Well, and – we were at a holy site, in fact, St. Sophia, with its millennial history – it looks like this place has a direct communication with heavens. It works this way, I guess.
Vivaldi and Telemann, and Handel might have been watching us from the storm clouds and listening to music. I guess that after the concert (if they are allowed to do it in Heaven) they must have had a drink.
This concert was a tribute to them.
– I’m 100% sure they had a drink there – either wine or some good cognac.
And after the downpour it became ultimately clear why the concert was entitled “Twist”.
– The Baroque with some “…Wow!” – and it worked – exactly like I expressed it.
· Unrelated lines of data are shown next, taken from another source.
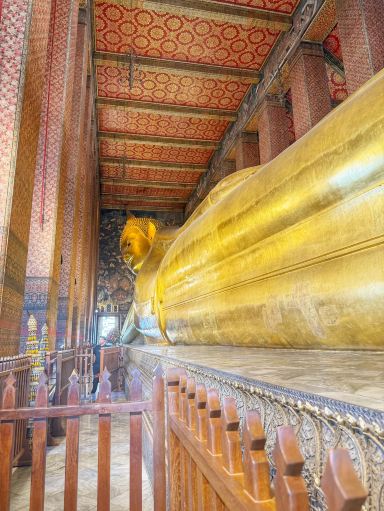 ワット・ポーの碑文 | Trip.com バンコク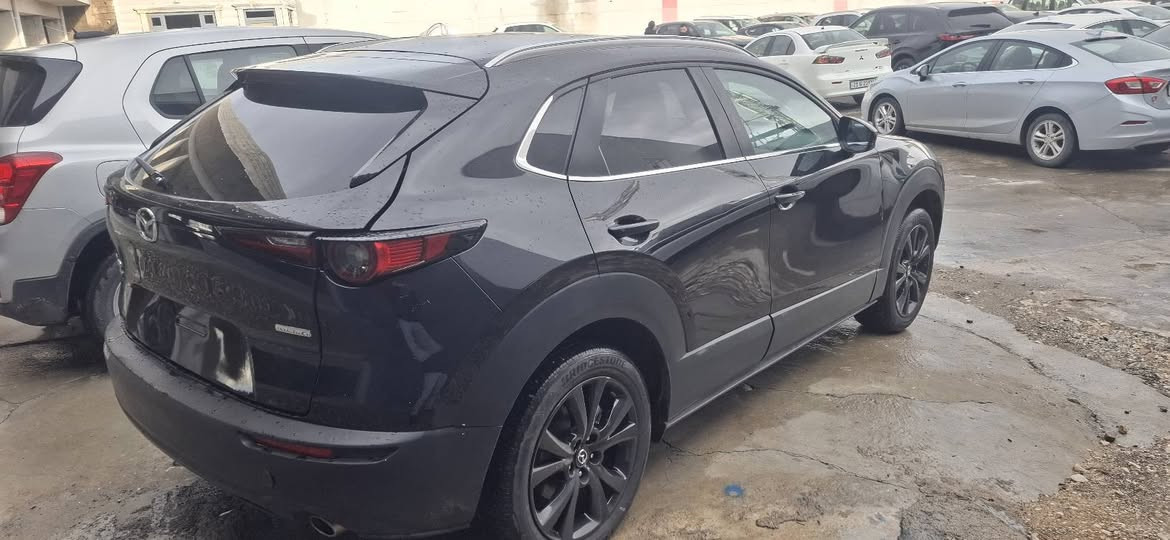 Mazda cx30 2024 
مواسەفاتی سلێکتە
بۆنیت و چەمەلەخ و دەرگایەکی بۆیاخە لەگەل سەقفەکەی بە بێ وەرگەران سەقفەکەی لەسەر قوپاوی بۆیاخ کراوە کەمێک ناوگرتنی هەیە 
٢٦ هەزار مایل ڕۆشتووە 
بەشەرتی ڕەقەم
125 گەڵاو مەجال
*********** السليمانية, العراق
Though, even more than I had expected.
The first part was amazing: it was very comfortable to play, the sound was fantastic and the technical support was superior. The pleasure was enormous!
And then the storm came into the picture.
– Journalists often ask me whether I have had such stories, unusual situations of which I would like to tell everyone. Now I will be telling them our story of rain and the Baroque Twist.
And Maurice now has this story as well, he lived it together with us. He wrote a beautiful comment on the concert, and there is a cool phrase “… Vivaldi’s “La Notte” literally came true yesterday in Kyiv. I am thankful for this sensational experience”.
“La Notte” is a composition about a walk in Venice in bad weather (rain, wind, a hurricane). Vivaldi wrote it almost 300 years ago. It so happens that a lot of time had passed and on that day it sounded exactly the way the author had contrived it.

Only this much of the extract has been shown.